Várias ferramentas podem ser e já foram utilizadas no processo de construção das nações. A amizade, a identidade linguística, a uniformidade cultural, a religião, o pertencimento ao mesmo clã, a raça, o respeito à diversidade política, o respeito aos direitos humanos etc… Entretanto, jamais uma nação foi construída pelo ódio, pois até mesmo o nacionalismo exacerbado é um produto do amor.
“Numa época em que é tão comum que intelectuais cosmopolitas e progressistas (sobretudo na Europa?) insistam no caráter quase patológico do nacionalismo, nas suas raízes encravadas no medo e no ódio ao Outro e nas suas afinidades com o racismo, cabe lembrar que as nações inspiram amor, e amiúde um amor de profundo auto-sacrifício. Os frutos culturais do nacionalismo – a poesia, a prosa, a música e as artes plásticas – mostram esse amor com muita clareza, e em milhares de formas e estilos diversos. Por outro lado, como é difícil encontrar frutos nacionalistas semelhantes expressando aversão! Mesmo no caso dos povos colonizados, que têm todas as razões para sentir ódio de seus governantes imperialistas, é assombrosamente insignificante o elemento de ódio nas suas expressões de sentimento nacional.” (Comunidades Imaginadas, Benedict Anderson, Companhia das Letras, São Paulo, 2008, p. 199/200)
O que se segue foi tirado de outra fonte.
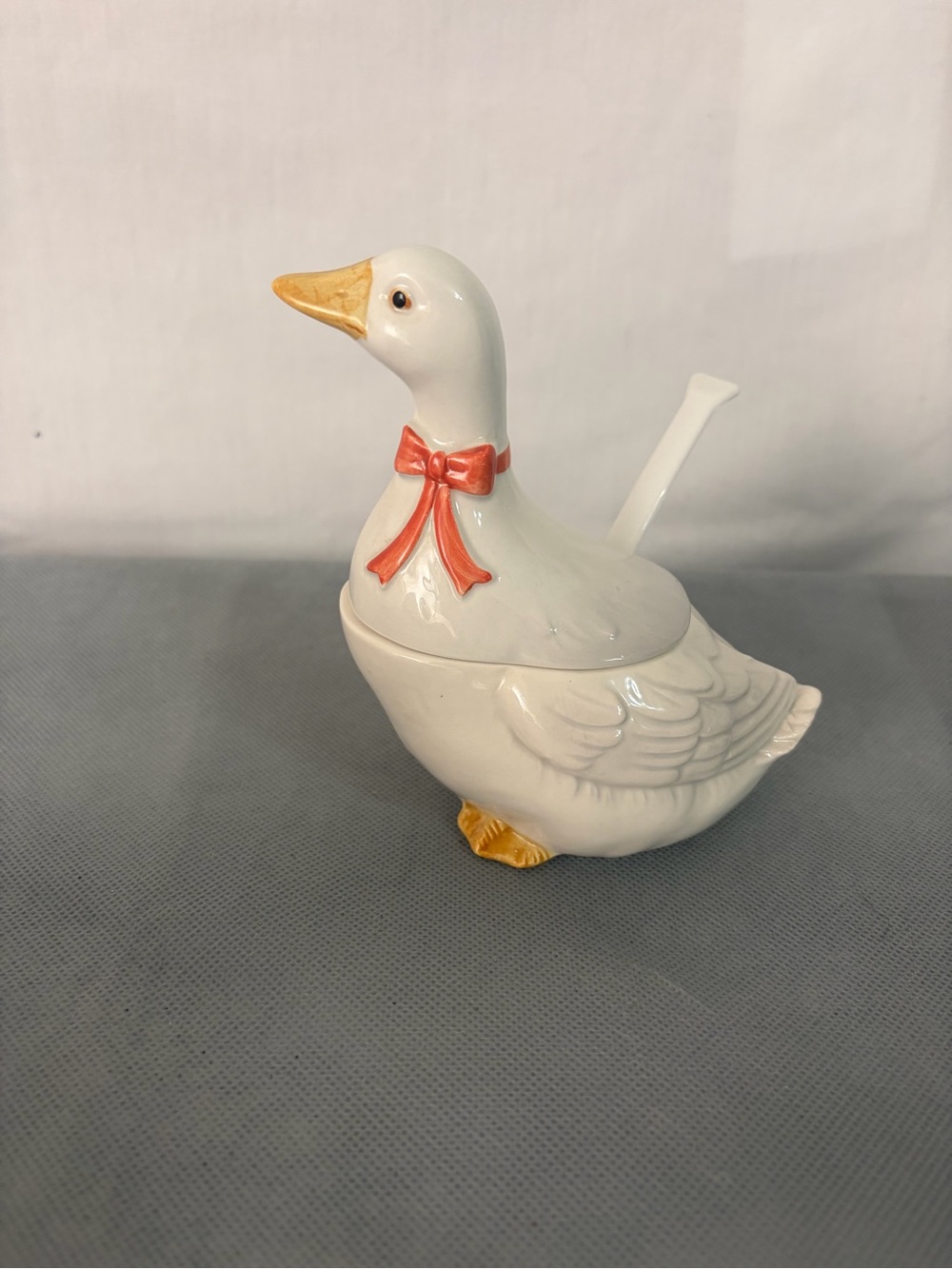 Vintage Otagiri Japan White Duck Ceramic Sugar Bowl w/ Spoon(F162)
Lula abdicou de muitas de suas propostas ao assinar a Carta aos Brasileiroshttps://www1.folha.uol.com.br/folha/brasil/ult96u33908.shtml. Ao tomar posse em 2003 ele se transformou no “lulinha paz e amor” e passou a governar o país sem demonstrar qualquer discriminação por seus adversários políticos.
Bolsonaro é incapaz de amar o Brasil inteiro, o que pressupõe tolerância regional, racial, política, sexual, ideológica, religiosa, pedagógica, etc… Ao que parece, ele crê piamente que sua principal missão é espalhar o ódio. Bolsonaro faz isso com uma imensa naturalidade. Ameaçado, ele ri e diz que sempre foi assim mesmo. Ser odioso ou se tornar odioso só não é um problema político em duas hipóteses: quando o líder pretende se auto-sacrificar para salvar a comunidade (caso de Lula e do rei Crodo,https://pt.wikipedia.org/wiki/Codro) ou quando ele pretende sacrificar todas as nações, até aquela que governa, para impor sua vontade (caso de Adolf Hitler e Jair Bolsonaro).
Se estivesse vivo, Benedict Anderson certamente ficaria intrigado com o fenômeno que está ocorrendo em Pindorama. Nosso país foi amorosamente reinventado por Lula. Agora o Brasil está sendo desinventado pelo ódio daquele que deveria preservar o regime democrático que o levou ao poder. Pior… uma parcela significativa da imprensa resolveu apoiar Bolsonaro como se fosse possível transformar um país em dois sem que todos sejam vítimas da animosidade política coletiva que foi mobilizada para fraturar a sociedade e a federação brasileira.
De esquerda ou de direita, os presidentes sempre passam. Mas o país deve permanecer em paz e suas instituições merecem ficar intactas. A única coisa capaz de unir e dar coesão aos brasileiros é a Constituição Federal que Jair Bonsonaro resolveu descumprir de maneira sistemática. Um poder que amanou do povo (art. 1º, da CF/88) nunca poderá retornar àquele que se comporta como um tirano.
Nosso amor pela liberdade e pela unidade política será maior do que o ódio espalhado por Bolsonaro? Aguardem as cenas do próximo capítulo. Essa história de terror ainda não acabou. Na verdade ela nem mesmo terminou de começar.